Penthouse: Wär's eine große Ernüchterung für Sie, in zehn Jahren feststellen zu müssen, „Da Da Da“ ist bereits der Höhepunkt gewesen?

Remmler: Das müsste ich erst einmal differenzieren. Weil „Da Da Da“ wirklich ein Phänomen war. Ich glaube nicht, dass ein einzelner Paul-McCartney-Hit je in so vielen Ländern in die Top 5 vorgestoßen ist. Das sind eben Sachen, die kann man nicht steuern. Insofern war „Da Da Da“ ein Höhepunkt. Aber man muss ja weitermachen. Eine Enttäuschung wäre, wenn wir in Zukunft nur noch Flops zustande brächten. Keine Enttäuschung, wenn eben kein Ding mehr dabei ist wie „Da Da Da“.

Penthouse: An dieser Stelle kann keine andere Frage kommen als diese: Wie ist das geniale, das doofe, das idiotische, das unübertreffliche „Da Da Da“ geboren worden?

Remmler: Da war damals eine Kompositionsidee von Kralle, die dann von mir – wie soll ich sagen — neutraler gemacht wurde. Das läuft meistens so. Es kommt also irgendein halbfertiges Ding von Kralle, das pick' ich auf, geb's wieder zurück, und am Schluss machen wir's zu dritt. Das, was bei Kralle noch wie Jimi Hendrix klingt und erst übern Prozess wie „Trio“ – das ist die harte Knochenarbeit.

Penthouse: Reduzieren, vereinfachen. Das meinen Sie doch damit?

Remmler: Vereinfachen, gut, darauf läuft's hinaus. Die Absicht ist nicht, es zu vereinfachen, sondern es essentiell zu machen. Also wenn jetzt etwas entsteht – Dienstagnacht, zwei Uhr, Vollmond, Party, ein ganz bestimmter, magischer Moment -, dann muss das Ding so rauskommen, dass es auch Sonntagmorgen ist und auch Montag 18 Uhr. Es muss eine Generallinie gefunden werden, die weggeht von diesem Individuellen, Persönlichen, Wichtigen, das den Künstler in diesem Augenblick bewegt hat.

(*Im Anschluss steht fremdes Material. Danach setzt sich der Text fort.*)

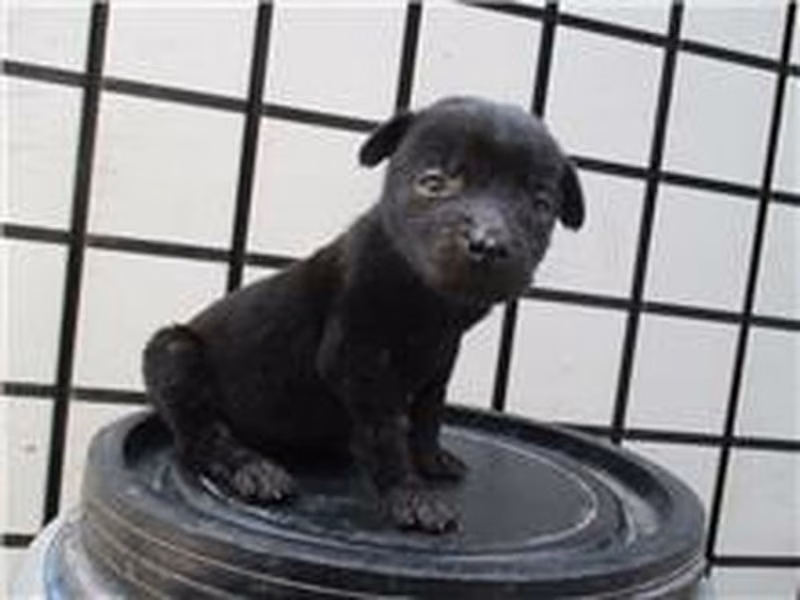 Black adult female mixed-breed dog, Medium, shelter no. …1585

Penthouse: Wir waren beim unübertrefflichen „Da Da Da“. Wie ist das dann essentiell geworden?

Remmler: Ich ließ mir also diese Idee von Kralle durch den Kopf gehen und fummelte dabei an so einem musikalischen Mini-Computer herum, den ein Freund am gleichen Tag als Geschenk dagelassen hatte. Ich bin kein Keyboarder und kein Synthesizer-Mann, ich spiel' mit diesen Sachen rum, ich nehm' eine Möglichkeit, die sich mir ziemlich schnell bietet, und irgendwo klingt das dann. Nicht, dass ich das Instrument in seinen Millionen Möglichkeiten kenne und ausschöpfe. Jetzt war da also eine Melodie mit einem Arbeitstext von Kralle. Die Melodien-Linie war bei Kralle einfach lalala, und ich hab' gesungen, Da Da Da. Und das ist dann stehengeblieben. Ich habe eine gute Ader für spontane Sachen, die stimmen und die man nicht mehr verändern soll.

Penthouse: Mit Dadaismus hat der Textscherz also nichts zu tun.

Remmler: Nein. Es symbolisiert ein Gespräch. Wahrscheinlich haben wir auch mal mit blablabla experimentiert, aber das klingt schon wieder zu albern.

Penthouse: Sie sind ja für die Texte verantwortlich. Wie suchen Sie sich die Themen?

Remmler: Es sind immer Sachen, die von innen kommen. Also nicht diese Udo-Jürgens-Texte, schau mal nach, was ist gerade in der „Bild“-Zeitung aktuell, komm, lasse uns doch ein Lied darüber machen. So hab' ich nie gearbeitet.

Penthouse: Das gemeinsame Lieblingsthema von PENTHOUSE und von „Trio“ sind die Frauen. Und viele Frauen empfinden genau diesen Umstand als frauenfeindlich.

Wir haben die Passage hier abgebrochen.